From:https://pkghosh.wordpress.com/2015/02/19/real-time-detection-of-outliers-in-sensor-data-using-spark-streaming/
As far as analytic of sensor generated data is concerned, in Internet of Things (IoT) and in a connected everything world, it’s mostly about real time analytic of time series data. In this post, I will be addressing an use case involving detecting outliers in sensor generated data with Spark Streaming. Outliers are data points that deviate significantly from most of the data. The implementation is part of my new open source project ruscello, implemented in Scala. The project is focused on real time analytic of sensor data with various IoT use cases in mind.
The specific use we will be addressing in this post has to with temperature data from temperature controlled shipping containers.
Temperature Controlled Shipping Containers
Consider some product being shipped in temperature controlled containers. The customer has a Service Level Agreement (SLA) with the transportation company, which defines how the temperature is maintained within a predefined range. Here are some examples of SLA, that have been implemented
- Mean temperature within a time window has to be below predefined upper limit or above some predefined lower threshold.

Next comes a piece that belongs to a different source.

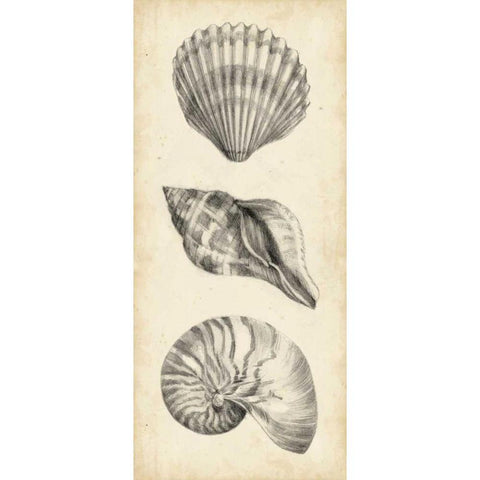 Antique Shell Study Panel I Black Modern Wood Framed Art Print with Double Matting by Harper, Ethan
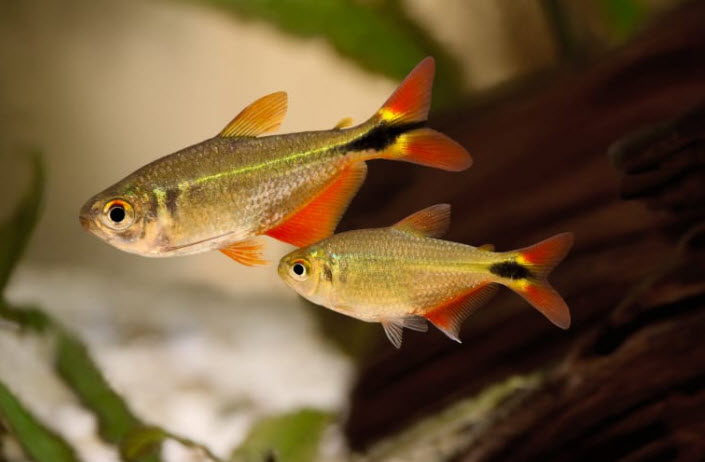 Hyphessobrycon anisitsi - Buenos Aires Tetra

- Some minimum percentage of the data within a time window has to be below some upper threshold or above some lower threshold
The second SLA is more tolerant of small signal to noise ratio data. All data points that cause the SLA to be violated are outliers. In Machine Learning parlance the problem we are solving is supervised outlier detection. It’s supervised because we are specifying the outlier conditions explicitly through the SLA.
In time series analysis literature, this problem is also known level shift detection. There are other techniques for detecting level shift, e.g., computing histogram for sliding window data and detecting any notable change in histogram mode.
The transportation company is responsible for detecting all the violation incidents of SLAand reporting them to the customer. The customer may claim damages when SLA is violated.
IoT and Big Data Analytic
According Cisco, there will 21 billion connected devices by 2018. All these devices will be spewing data creating a data deluge. But all the data may not end up in a Big Data platform.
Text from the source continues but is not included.